Agenda item
Monitoring report on fund activity for the quarter ending September 2017
This report provides a summary of the Fund’s activity during the quarter ended 30 September 2017. It examines the economic and market background, and investment performance, as well as commenting on events in the quarter
Minutes:
The Sub-Committee considered a report from the Chief Finance Officer that provided a summary of the Fund’s activity during the quarter ended 30 September 2017. The report also examines the economic and market background, and investment performance, as well as commenting on events in the quarter. Ms Folake Olufeko, Senior Finance Analyst introduced the report.
Members heard that in the third quarter (Q3) of the calendar year, the Fund increased by 1.9% (£15.1m) from £812.0m to £827.1m compared to an increase in the second quarter (Q2) of 1.2% (£9.3m). Overall, the value of the fund had increased by 6.7% in the first nine months of the year, of which 1.5% related to actual asset appreciation and the remainder, to contributions from capital calls. Although the Fund had seen a consecutive quarterly increase in the value of assets, its performance for the quarter was below benchmark level of 2%.
Ms Olufeko referenced the tables within the report that set out the performance of respective asset class and contractual commitments. Of note was the equities allocation, which had performed well in the last few quarters and therefore the total allocation has exceeded the target. Investments in Infrastructure saw a consecutive depreciation in value with a £3.1m drop in Q2 and £1.7m drop in Q3. Officers would continue to monitor the performance to inform future investment decisions. Ms Folake explained that the cash deposits balance of £70.2m was principally required to fund transfer values in relation to the College of North West London, to honour calls on capital commitments in Private Equity and Infrastructure and to re-allocate to other future investments but in the interim was being invested in Money Market Funds and short term loans to other Local Authorities for interest returns.
Ms Olufeko continued that the Fund also realised a complete sale of the UK property investments in quarter 4 of 2016/17 and subject to market conditions, the European property investments were also planned to be run down in 2018. The Fund is monitoring developments and the opening of investment opportunities on the CIV platform with a view to transitioning assets across as soon as there were suitable sub-funds that are in line with the Fund’s investment and asset allocation strategy. She then drew members’ attention to table 3 in the report which set out the investment returns in individual market and added that officers would continue to monitor areas where performance was below benchmark.

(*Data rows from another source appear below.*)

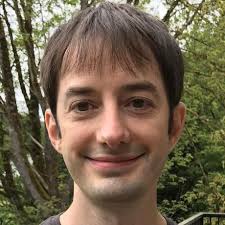 PatrickLang (Patrick Lang) · GitHub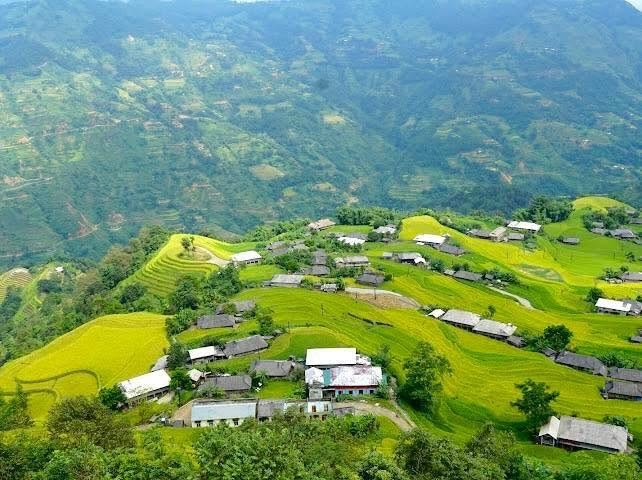 lao-cai-nong-thon-1788755392.jpg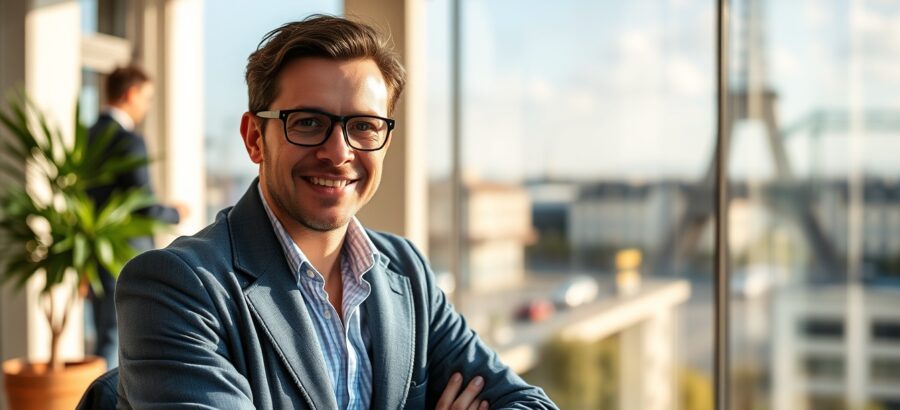 transfert assurance vie processus étape par étape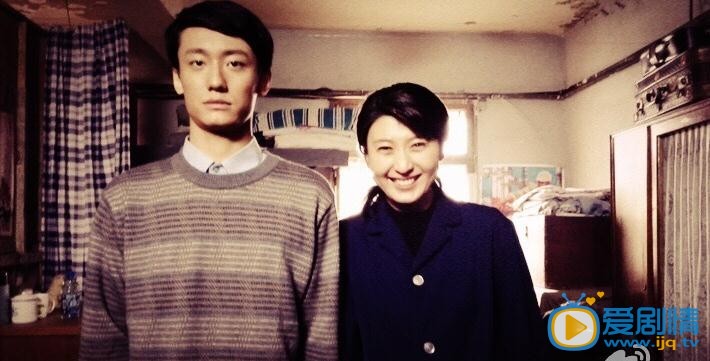 杨凯程俺娘田小草剧照 杨凯程高清写真_杨凯程高清剧照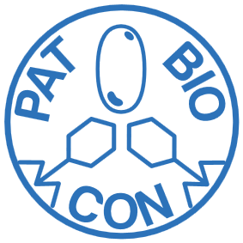 PAT
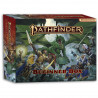Pathfinder Beginner Box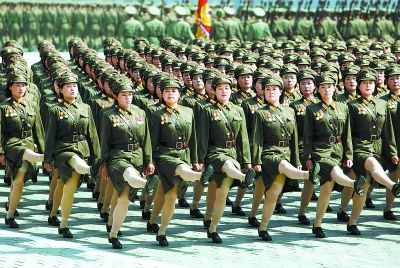 阅兵式方阵图片，展现国家力量与荣耀，阅兵式方阵图片，展现国家力量与荣耀的壮丽瞬间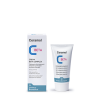 CERAMOL BETA CREMA BETA COMPLEX 50ML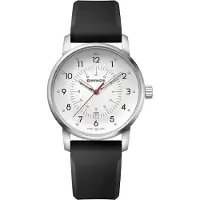 Wenger Avenue 42 mm 01.1641.113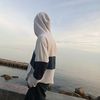 itaa_fitxx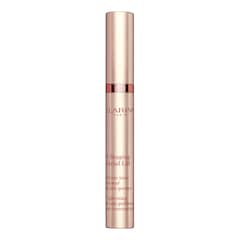 V Shaping Facial Lift Sérum yeux, CLARINS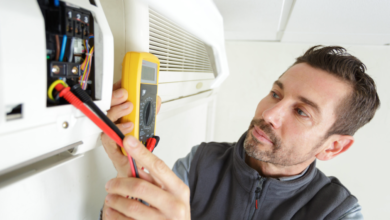 Why Quality Electrical Work Is One of the Smartest Investments for Property Owners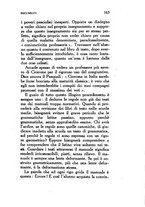 giornale/TO00191425/1939/unico/00000171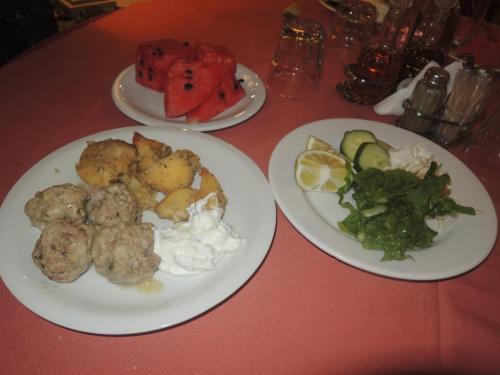 DSCN1772.JPG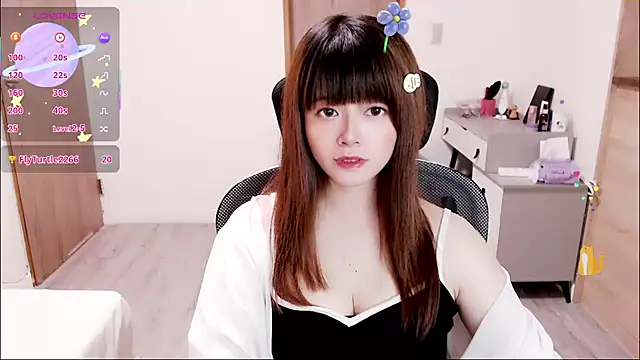 a0513 online show from September 2025 03:30:02 PM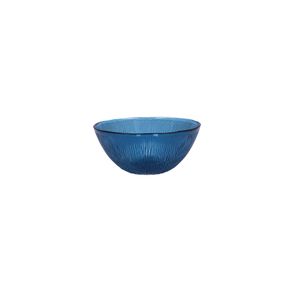 Unitable-Luci-Bowl-Azul-15-Cm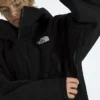 Men’s GORE-TEX® Hex Jacket Men’s GORE-TEX® Hex Jacket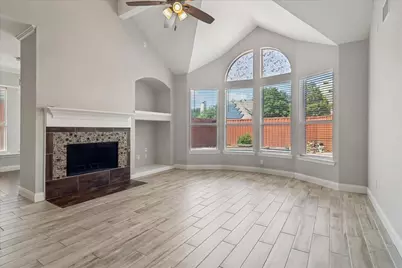 4661 Baldwin Lane, Plano, TX 75024 - Photo 5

In the ensuing discussion, members expressed concerns about the performance of Ruffer and sought officers’ views on how this could be addressed and the time frame within which the situation could be addressed. Ravinder Jassar (Head of Finance) clarified that the negative performance of Ruffer was a concern but that actions had been taken to address the issues, including investing in short term equities against long term bonds which has had a positive effect.
Peter Davies (Independent Adviser) gave summary of his quarterly report. Members were informed that the forecast growth rate for the UK economy in 2017 had been revised downwards to 1.5% after sluggish growth in the second quarter and the estimated figure for 2018 even lower at +1.3%. Meanwhile, forecast growth rates in the other developed regions have been maintained or revised upwards. Mr Davies continued that for the second successive quarter, equity markets were little changed with the UK market continuing to deliver a return significantly below that of overseas equity markets, while Continental Europe had been by far the strongest region during the past year. The mid- and small-cap sectors of the UK market had out-performed the FTSE 100 over the past quarter and 12 months and in the case with bonds, there was very little net change in the yields on medium-term government bonds in the major markets.
In terms of outlook, Mr Davies informed members that although equity markets had edged gradually upwards despite geo-political concerns surrounding developments in North Korea and the Middle East, the impending interest rate rises in the US and UK, together with the tapering of quantitative easing by the US Fed – and possibly by the European Central Bank – were likely to act as a brake on equity markets as the cost of borrowing rises. Similarly, government bond market yields were likely to rise in response to higher short-term rates, unless they become ‘safe havens’ in the event of political crisis, or if global economic growth begins to slow down. In either of these situations, equities can be expected to weaken significantly.
RESOLVED:
That the performance report and the independent financial adviser’s investment reports attached to the main body of this report be noted.